Other feasible applications of this technique are: traces of input/output operations, of all interrupts, and of privileged instructions; timing of program phases; and summaries of interrupt activities.

As mentioned earlier, the feedback capabilities of the technique can support other interesting applications, some of which are as useful in component testing as in systems testing. For example, consider the problem of writing a program to test a particular input/output device that has never been attached to a computer. To hold test time at a minimum, the test program should be ready to run as soon as the hardware is available. How then debug the test program? A test analysis program to simulate the operation of the missing devices is a ready-made solution.
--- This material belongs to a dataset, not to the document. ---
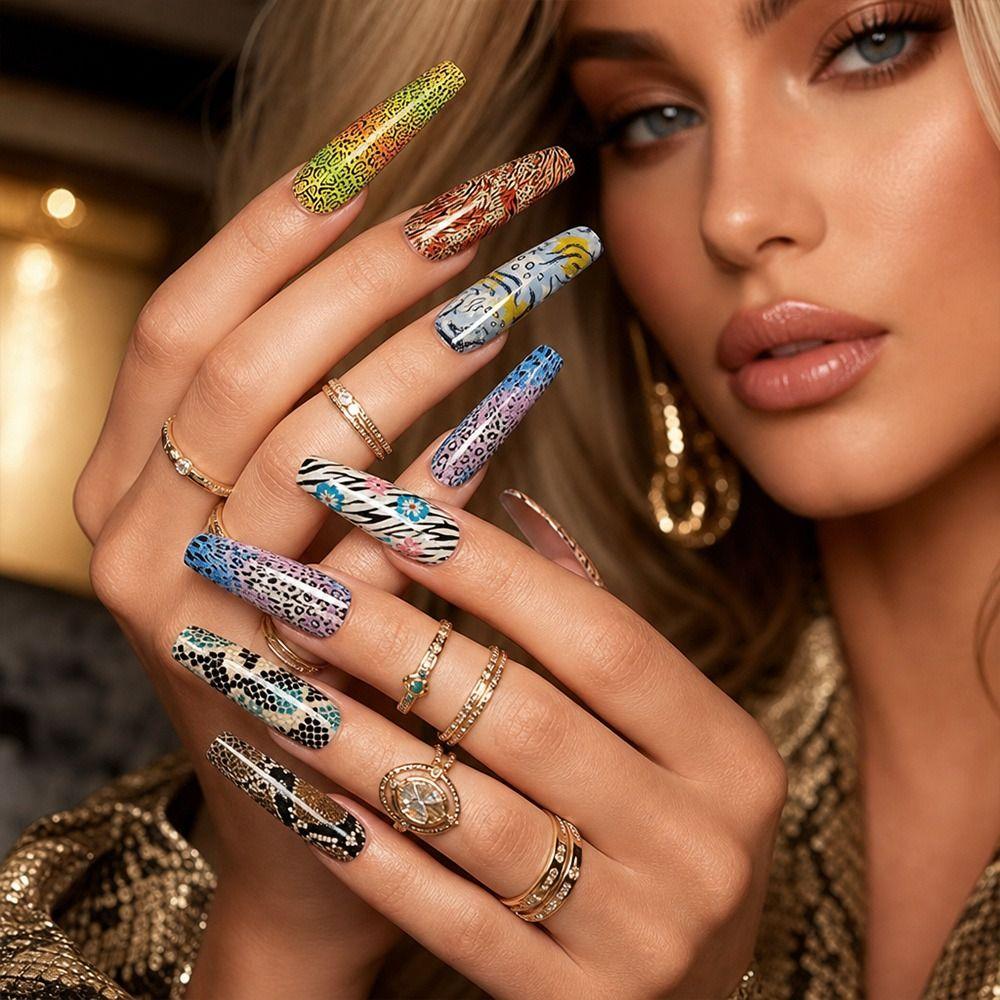 Flower Nail Foils Stripe Pattern Nail Decals Professional Nail Art Stickers Nail Decoration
The simulator is entered whenever a test program tries to operate the device. Simulation can range from substituting a similar device to total generation of all status information and delays within the program, Applied at the systems test level, a whole communication network can be simulated, with messages arriving according to statistically distributed frequencies and responses analyzed for validity as they are issued.
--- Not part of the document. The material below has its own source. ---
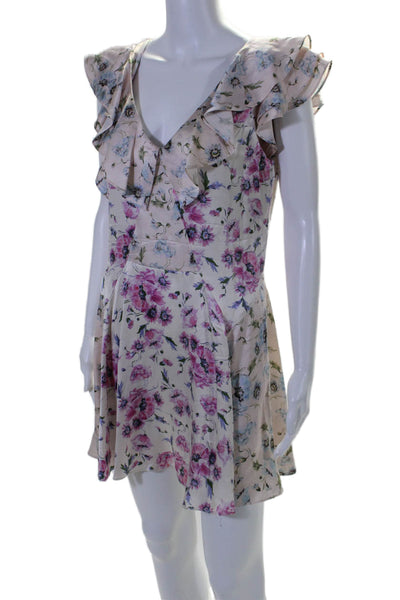 Love Shack Fancy Womens Silk Floral V-Neck Sleeveless Mini Dress Pink Size 4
Error recovery procedures have been completely tested by generating every possible device error condition in a test analysis program. In this approach, a device error bit is forced ON when an input/output interrupt indicates that the channel has finished an operation. To help pinpoint the specific error cause, normal control program operation interrogates the device in a "sense" operation. As soon as the sense data has been read in, the test analysis program modifies it to yield the desired error data. The reaction of the control program is then evaluated against the expected reaction. In this way, error recovery procedures can be validated in a few minutes, as contrasted with several hours or days in previous methods.

Another useful application has emerged in the form of programtesting techniques for getting more value out of each test run. In normal operation, when a programming error causes a program check interrupt, the control program cancels execution of the

program and goes on to the next job. It is possible, however, that the test analysis program be given a list of the starting addresses for each routine in the program to be tested. When a program check occurs, the test analysis program intercepts it, sends out appropriate diagnostic messages, and returns to the next routine in the list. This ensures that each routine in the job program is attempted. Without the technique, the probability of getting any useful data out of the test run after the first failure is zero. With the technique, it is usually close to one.

A hierarchical control program structure proves to be a feasible and effective systems testing tool. The monitor program permits data to be gathered on almost any type of program activity and to be reduced in an on-line fashion. Applications of the technique are beneficial for component testing at both the computer and program level. In fact, the applicable range of systems testing applications appears to be limited primarily by the ingenuity of test designers.

summary

## CITED REFERENCES

- G. M. Amdahl, G. A. Blaauw, and F. P. Brooks, Jr., "Architecture of the IBM SYSTEM/360," IBM Journal of Research and Development 8, No. 2, 87-97 (April 1964).
  - G. A. Blaauw and F. P. Brooks, Jr., "The structure of SYSTEM/360, Part I, Outline of the logical structure," *IBM Systems Journal* 3, No. 2, 119-135 (1964).
- P. Calingaert, "System performance evaluation: survey and appraisal," Communications of the ACM 10, No. 1, 12-18 (January 1967).
- 3. C. T. Apple, "The program monitor, a device for program performance measurement," Proceedings of the ACM National Conference P-65, 65-75 (August 1965).
- J. B. Dennis and E. C. Van Horn, "Programming semantics for multiprogrammed computation," Communications of the ACM 9, No. 3, 143-155 (March 1966).
- J. B. Dennis, "Segmentation and the design of multiprogrammed computer systems," *Journal of the ACM* 12, No. 4, 589-602 (October 1955).
- G. R. Blakeney, L. F. Cudney, and C. R. Eickhorn, "An application-oriented multiprocessing system, Part II, Design characteristics of the 9020 system," IBM Systems Journal 6, No. 2, 80-94 (1967).